The New York Times had a great piece yesterday by Louise Story, titled To Aim Ads, Web is Keeping a Closer Eye on You. The piece enumerates data collection points: opportunities for internet companies to collect data on users -- data that might enable better ad targeting. The piece comes out with some eye-popping numbers, such as: Yahoo collects data on each user 2520 times a month, on average!
Now, that's a very interesting statistic, and this piece makes a great contribution by putting for the first time a tangible measure on data collection. Let's take a closer look at the methodology, outlined in a post by Story on the NYTimes blog Bits. The methodology was jointly developed with ComScore. At the highest level, many web companies operate their own web properties in addition to an ad network that serves ads on third-party sites, so let's first look at just the owned-and-operated properties. Here's the salient bit:
The comScore study tallied five types of “data collection events” on the Internet for 15 large media companies. Four of these events are actions that occur on the sites the media companies run: Pages displayed, search queries entered, videos played, and advertising displayed. Each time one of those four things occurs, there is a conversation between the user’s computer and the server of the company that owns the site or serves the ad. The fifth area that comScore looked at was ads served on pages anywhere on the Web by advertising networks owned by the media companies.

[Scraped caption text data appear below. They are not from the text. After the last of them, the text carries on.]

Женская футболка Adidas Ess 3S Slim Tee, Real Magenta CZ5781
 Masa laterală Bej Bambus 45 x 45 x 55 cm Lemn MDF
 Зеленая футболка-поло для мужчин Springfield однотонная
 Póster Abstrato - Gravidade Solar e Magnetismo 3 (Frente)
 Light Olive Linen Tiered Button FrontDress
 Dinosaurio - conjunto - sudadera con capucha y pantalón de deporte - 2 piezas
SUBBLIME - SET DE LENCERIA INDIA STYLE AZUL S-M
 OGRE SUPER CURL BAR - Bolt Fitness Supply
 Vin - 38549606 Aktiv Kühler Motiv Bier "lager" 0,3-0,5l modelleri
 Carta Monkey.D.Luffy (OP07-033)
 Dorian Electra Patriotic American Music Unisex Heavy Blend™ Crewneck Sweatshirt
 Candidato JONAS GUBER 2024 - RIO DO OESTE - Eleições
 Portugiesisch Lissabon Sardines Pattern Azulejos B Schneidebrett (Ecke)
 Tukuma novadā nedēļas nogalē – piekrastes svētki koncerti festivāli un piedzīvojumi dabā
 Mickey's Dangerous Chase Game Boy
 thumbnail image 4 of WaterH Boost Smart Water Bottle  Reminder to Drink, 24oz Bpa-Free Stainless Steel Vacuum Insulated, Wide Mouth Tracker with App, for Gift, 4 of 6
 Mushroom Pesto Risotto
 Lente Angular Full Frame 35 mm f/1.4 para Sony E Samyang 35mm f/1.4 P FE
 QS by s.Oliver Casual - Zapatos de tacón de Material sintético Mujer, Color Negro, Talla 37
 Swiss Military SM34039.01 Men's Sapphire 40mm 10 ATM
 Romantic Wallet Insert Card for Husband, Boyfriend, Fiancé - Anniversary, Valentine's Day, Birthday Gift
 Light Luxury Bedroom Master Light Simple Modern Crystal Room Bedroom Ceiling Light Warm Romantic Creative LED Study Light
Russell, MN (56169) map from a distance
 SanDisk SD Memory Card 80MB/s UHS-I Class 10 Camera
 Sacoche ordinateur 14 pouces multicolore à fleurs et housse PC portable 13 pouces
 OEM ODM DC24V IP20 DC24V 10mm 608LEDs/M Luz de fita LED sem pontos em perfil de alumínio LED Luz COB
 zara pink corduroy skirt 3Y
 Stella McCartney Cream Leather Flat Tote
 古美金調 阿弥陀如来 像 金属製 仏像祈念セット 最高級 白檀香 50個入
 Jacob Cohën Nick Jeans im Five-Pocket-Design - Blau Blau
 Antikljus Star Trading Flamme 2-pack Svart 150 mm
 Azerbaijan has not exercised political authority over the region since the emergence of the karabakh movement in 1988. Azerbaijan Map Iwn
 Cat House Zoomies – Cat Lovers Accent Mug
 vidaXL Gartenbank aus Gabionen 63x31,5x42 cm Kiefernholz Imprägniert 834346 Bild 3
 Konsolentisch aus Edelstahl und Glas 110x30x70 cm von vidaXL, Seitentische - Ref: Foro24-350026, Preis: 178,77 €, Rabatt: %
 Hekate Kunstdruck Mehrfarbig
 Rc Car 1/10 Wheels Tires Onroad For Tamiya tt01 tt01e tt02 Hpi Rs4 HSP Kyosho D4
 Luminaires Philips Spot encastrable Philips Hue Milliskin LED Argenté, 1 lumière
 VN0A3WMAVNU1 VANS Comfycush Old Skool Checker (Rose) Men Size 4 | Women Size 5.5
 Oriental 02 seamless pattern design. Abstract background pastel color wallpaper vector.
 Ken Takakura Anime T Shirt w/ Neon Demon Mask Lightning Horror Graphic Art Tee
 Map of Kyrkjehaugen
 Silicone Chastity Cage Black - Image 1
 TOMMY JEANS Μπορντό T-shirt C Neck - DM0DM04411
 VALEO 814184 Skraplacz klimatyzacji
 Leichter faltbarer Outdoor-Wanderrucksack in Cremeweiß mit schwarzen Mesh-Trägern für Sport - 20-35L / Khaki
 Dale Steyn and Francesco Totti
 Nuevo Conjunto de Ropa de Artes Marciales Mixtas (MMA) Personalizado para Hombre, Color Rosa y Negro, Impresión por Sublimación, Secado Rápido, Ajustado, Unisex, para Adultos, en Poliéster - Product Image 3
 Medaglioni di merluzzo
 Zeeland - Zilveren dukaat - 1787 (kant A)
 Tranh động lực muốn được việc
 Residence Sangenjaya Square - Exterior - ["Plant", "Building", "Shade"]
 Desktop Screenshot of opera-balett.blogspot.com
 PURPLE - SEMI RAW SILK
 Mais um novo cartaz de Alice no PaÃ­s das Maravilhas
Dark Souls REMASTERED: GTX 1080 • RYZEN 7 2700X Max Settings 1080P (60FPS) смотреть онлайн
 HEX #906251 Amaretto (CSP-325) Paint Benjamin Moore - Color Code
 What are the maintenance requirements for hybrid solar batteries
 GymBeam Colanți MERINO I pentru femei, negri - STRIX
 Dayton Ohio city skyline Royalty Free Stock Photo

By this metric, the number of data collection points per person per month at Yahoo is 699 (the difference between this number and the previous 2520 number is to Yahoo's off-site ad serving on its ad network). There are a few problems with this analysis:
- It assigns the same value to every data collection event. Search events reveal way more intent than content page impressions, so that's certainly not accurate. However, let's leave this issue aside for the moment, and assume we are just enumerating data collection events, not actually measuring their value. More on that in a later post.
- There is some doublecounting going on here. Advertising is displayed on pages, so counting both the page view and the ad impressions on it as unique data collection events is not accurate. In fact, the data collected based on the page view is often used to target the ad impression. There is sometimes additional information from ads, but only when ads are actually clicked -- but since clickthroughs on display ads are very low (in the 0.1% range), we can safely ignore that additional information, given the gross approximations we are making in this analysis.
- Finally, the same problem as in (2) applies to ads served by the ad networks on third-party sites, except it's probably even worse. Each page on average has 2-3 ad units. So, the ads-served might be overcounting actual page view events by a factor of 2-3.
If we recalculate the numbers after making the adjustments required by (2) and (3), it appears we will end up with numbers that are a factor of 2 to 3 (or even more) smaller than the comScore/NYTimes estimates. Also, the reduction will be larger for Yahoo and AOL/Ad.com than for Google, because Google serevs many fewer display ads and is less affected by adjustment (2) -- although adjustment (3) is still applicable since content ages often have more than 1 adsense unit.
I would love to hear more from comScore and Louise Story about their methodology and whether I missed something in my analysis here.